Otras características a tener en cuenta sobre los helicópteros son el tamaño del rotor principal y su altura (junto con el peso máximo al despegue), que condicionan las dimensiones de los lugares donde se puede aterrizar.Particular importancia tiene el rotor de cola en todos aquellos servicios en los que el helicóptero debe realizar frecuentes aterrizajes en lugares donde pueden congregarse personas en su proximidad, evidentemente este es el caso del helicóptero sanitario.
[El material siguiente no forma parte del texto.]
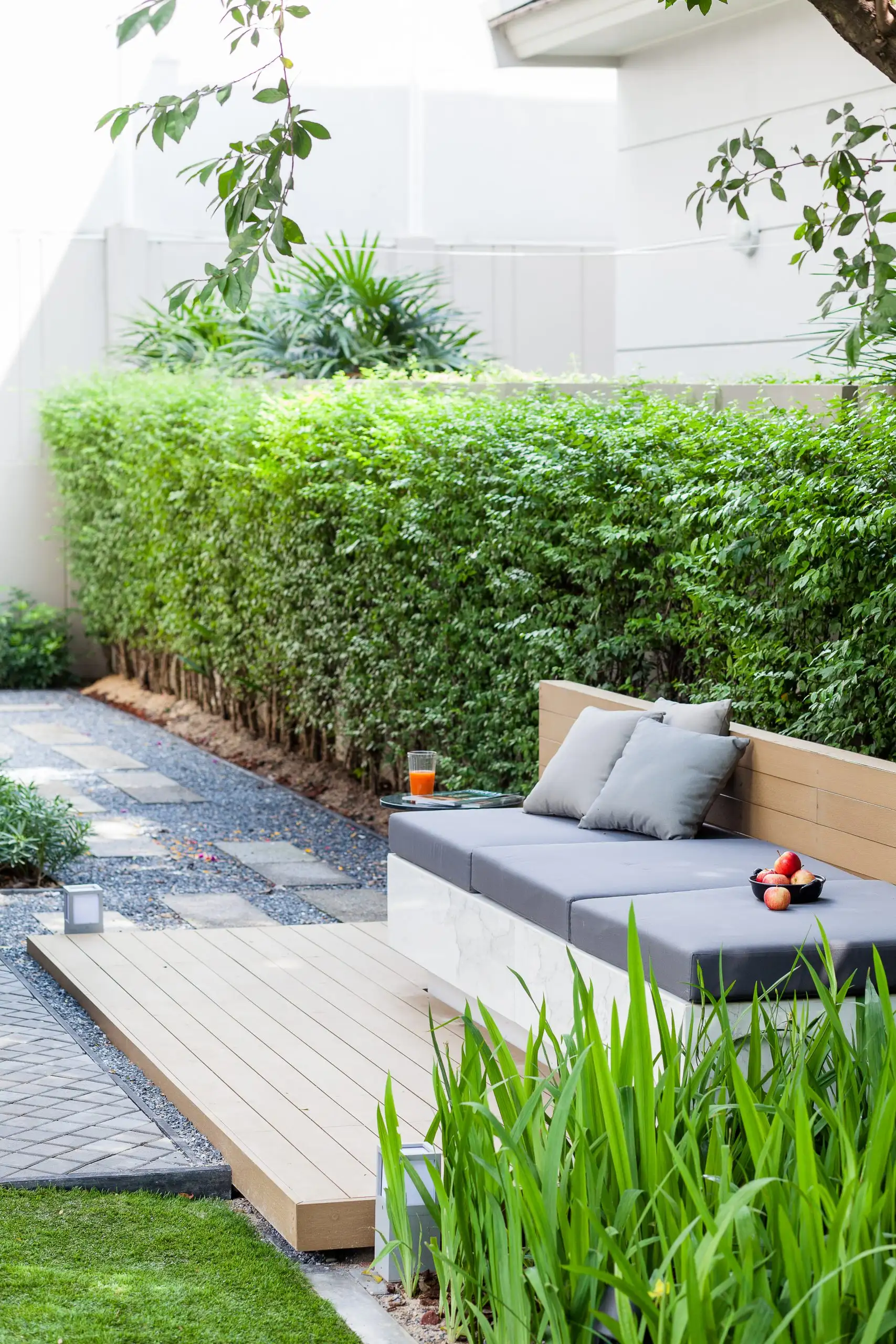 Hardscapes add structure to this tranquil outdoor space, while lush greenery provides a natural touch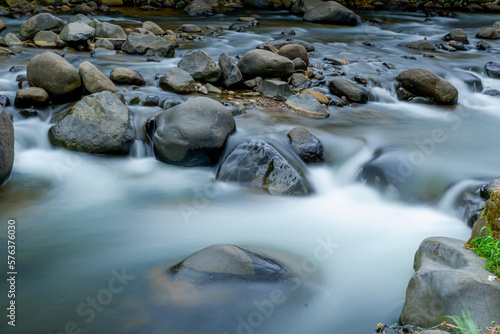 River water flow photographed with long exposure technique so it looks smooth like silk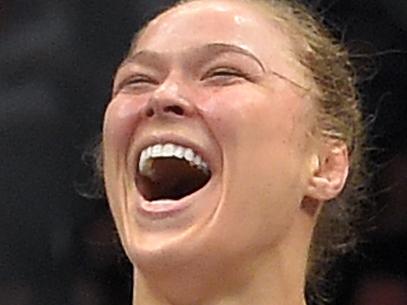 Ronda Rousey, celebrates after defeating Cat Zingano in a UFC 184 mixed martial arts bantamweight title bout, Saturday, Feb. 28, 2015, in Los Angeles. Rousey won after Zingano tapped out 14 seconds into the first round. (AP Photo/Mark J. Terrill)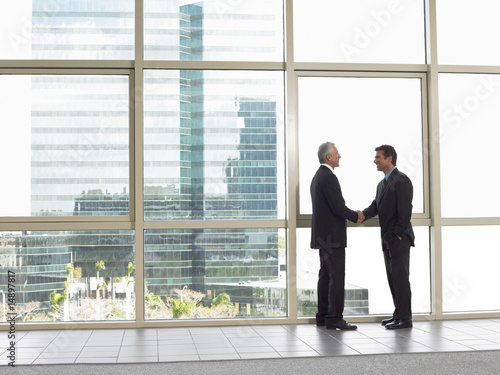 Photo: Businessmen shaking hands in office building Businessmen shaking hands in office building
Todos los cursos que se imparten a las tripulaciones sanitarias hacen especial hincapié en el peligro del rotor de cola; la alta velocidad a la que giran sus palas impide, si no se presta especial atención, que sea visto.

Unido a la desconfianza e incluso torpeza con que algunas personas inexpertas se mueven en torno a los helicópteros, ha ocasionado accidentes que han costado la vida de personas, principalmente miembros de loas cuadrillas de extinción de incendios contratadas en la temporada de verano.Por otro lado, supone una zona del helicóptero que el piloto no tiene a la vista permanentemente (a pesar de contar con un espejo retrovisor situado en el lateral que permite observar los movimientos que se producen a sus espaldas cuando el helicóptero se halla en tierra). Todos los manuales de seguridad en vuelo aconsejan acercarse a los helicópteros de forma que el piloto pueda detectar la presencia de quien se aproxima.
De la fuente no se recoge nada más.